The traditional labour movement, led by the Canadian Labour Congress (CLC), has little interest in making this right available to its own members. Approximately 70 percent of unionized workers belong to the CLC, which requires its member unions to abide by a strict no-raid pact. The mechanics of this pact are complicated, but the net effect is that workers cannot move easily from one CLC union to another CLC union. 

The congress maintains that this pact is necessary to keep the union movement in Canada strong and united. In contrast, CLAC views no-raid pacts as fundamentally anti-worker because they deny workers choice in union representation. For this reason, CLAC is not a member of the congress and does not take part in no-raid pacts.

CLAC’s progressive view—a radical idea when it was founded in 1952—is that employees should be able to democratically select the union that best reflects their collective interests and values. CLAC, believing fully in the need for unions and in the value they offer, does set out to offer a unique alternative. Its views on worker dignity, on the need to be politically nonpartisan, and its aim to create workplace partnerships are what set it apart from most CLC unions. These ideas and values, when worked out on the shop floor and in the union’s programs (health benefits, retirement plans, and training programs), result in a very different kind of union experience. 

In the last 20 years, CLAC’s membership has grown by more than 350 percent to about 60,000 members. This number not only demonstrates growth, but also that workers are regularly electing to keep CLAC as their union. This growth is even more remarkable when considering that, since CLAC does not participate in no-raid pacts, its members have many other union options. 

Meanwhile, the traditional labour movement has been stagnant at best, and in some sectors in a steady state of decline, struggling to be relevant to workers today in their ever-changing workplaces. This is not a trend that any Canadian should relish or delight in, because Canadian workers, businesses, and governments are well-served by healthy, robust, and active labour unions. 

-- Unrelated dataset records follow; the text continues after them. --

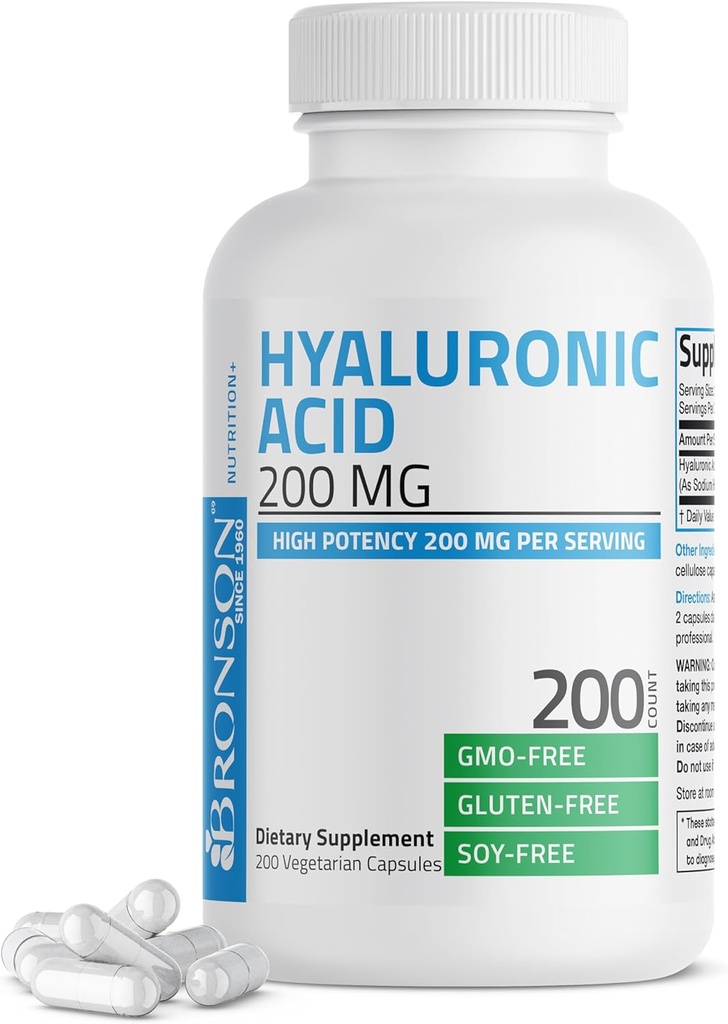 Bronson Hyaluronic Acid 200 MG High Potency Joint Health & Healthy Skin Support, Non-GMO, 200 cápsulas vegetarianas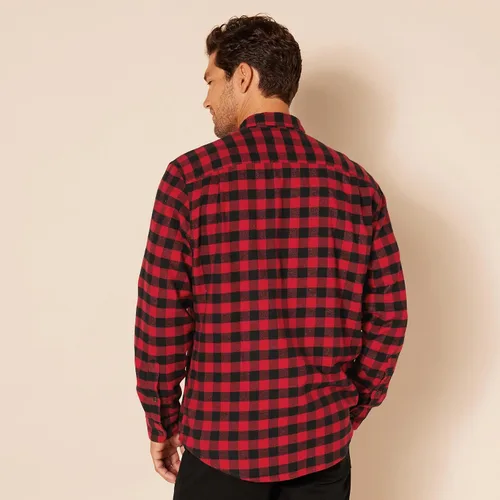 Vista 3 de Tienda Essentials Camisa de franela de manga larga para hombre (disponible en tallas grandes y altas)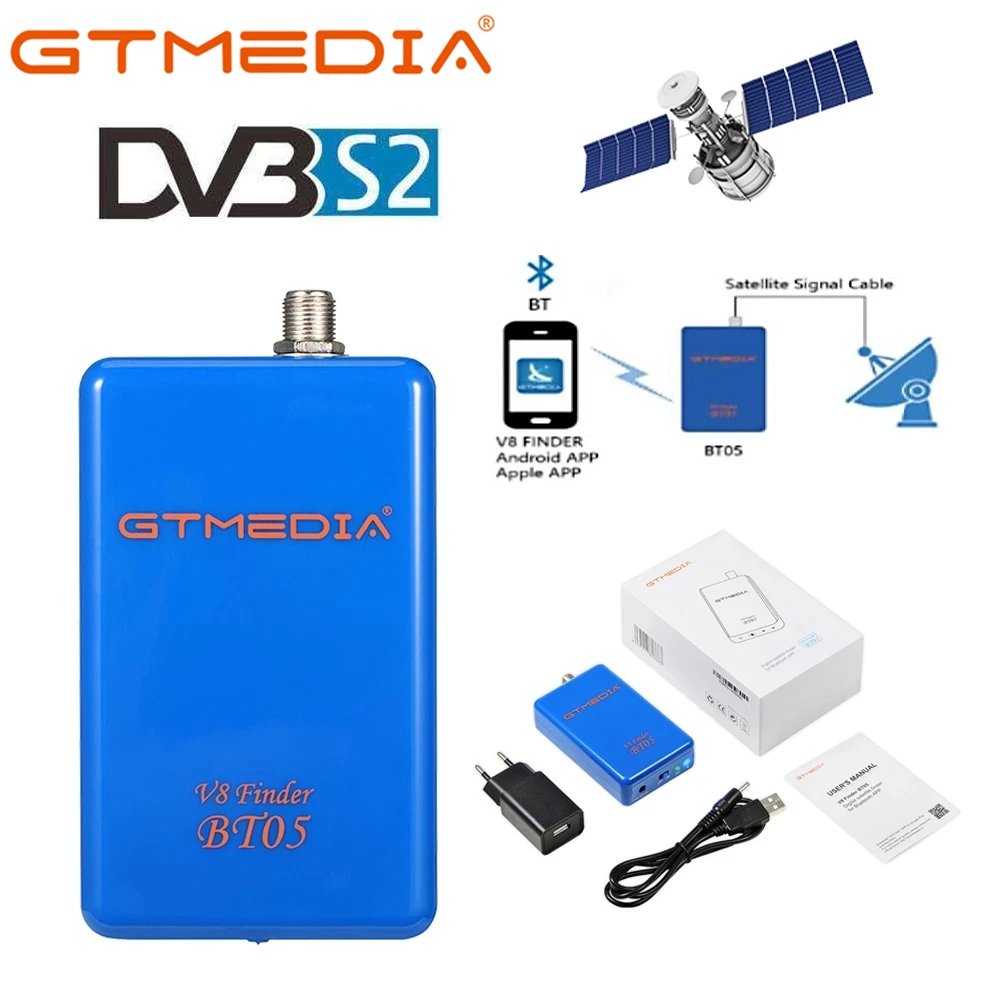 Спутниковый искатель GTMEDIA Freesat V8 Finder BT05 BT03 1080P Satfinder DVB-S2 для Android IOS цифровой BT HD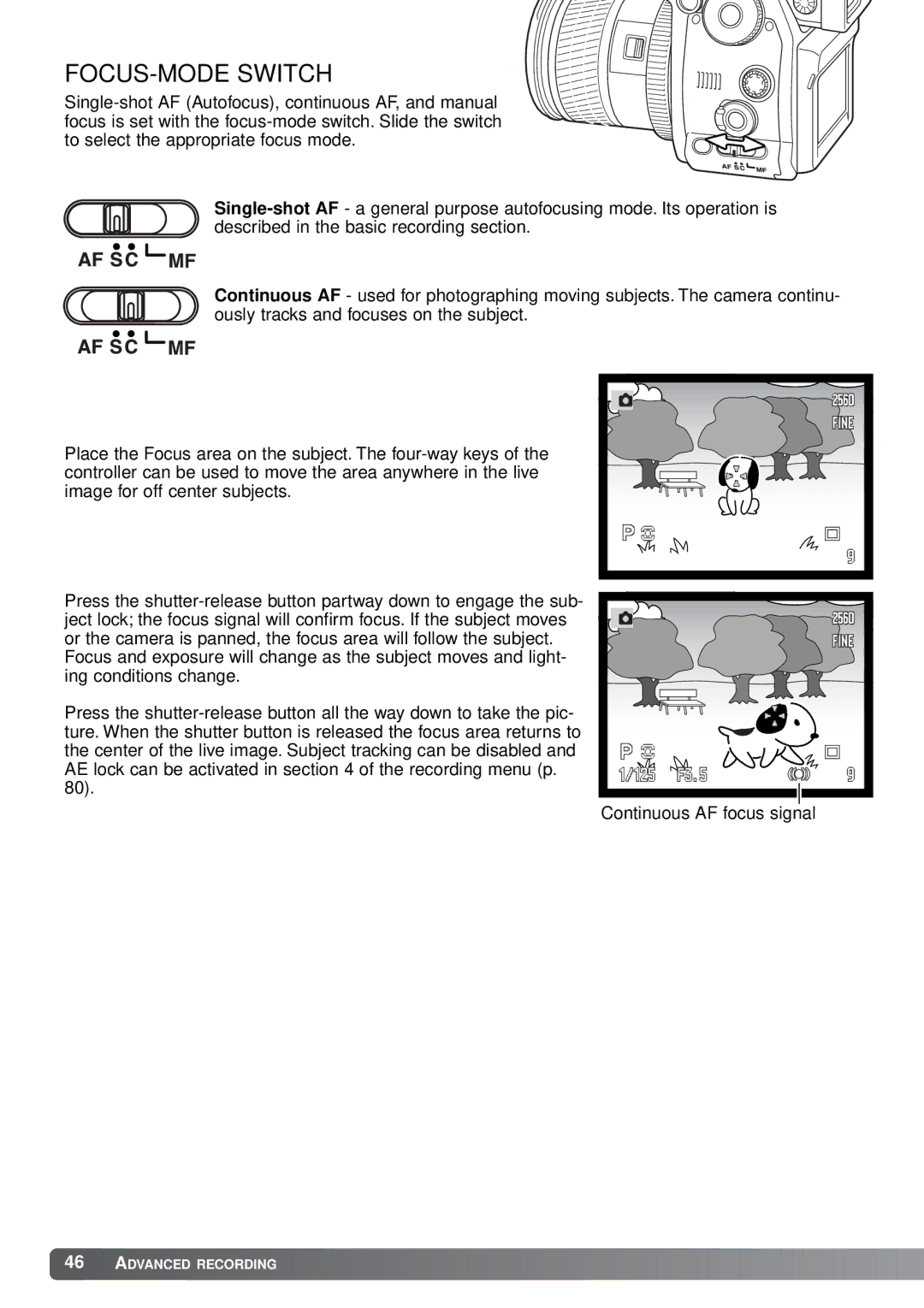 Minolta A1 instruction manual FOCUS-MODE Switch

It’s not likely I’ll be asked to read out “mean tweets” about CLAC on late-night television. But I do monitor the “not-a-real union” claims with interest, and a bit of pride. We encounter this kind of anti-CLAC opposition precisely because CLAC provides a viable and distinct alternative option. In doing so, CLAC serves to make itself and other unions more accountable to their members and that, in our opinion, is the best way to maintain a strong, vibrant, and thriving Canadian union movement.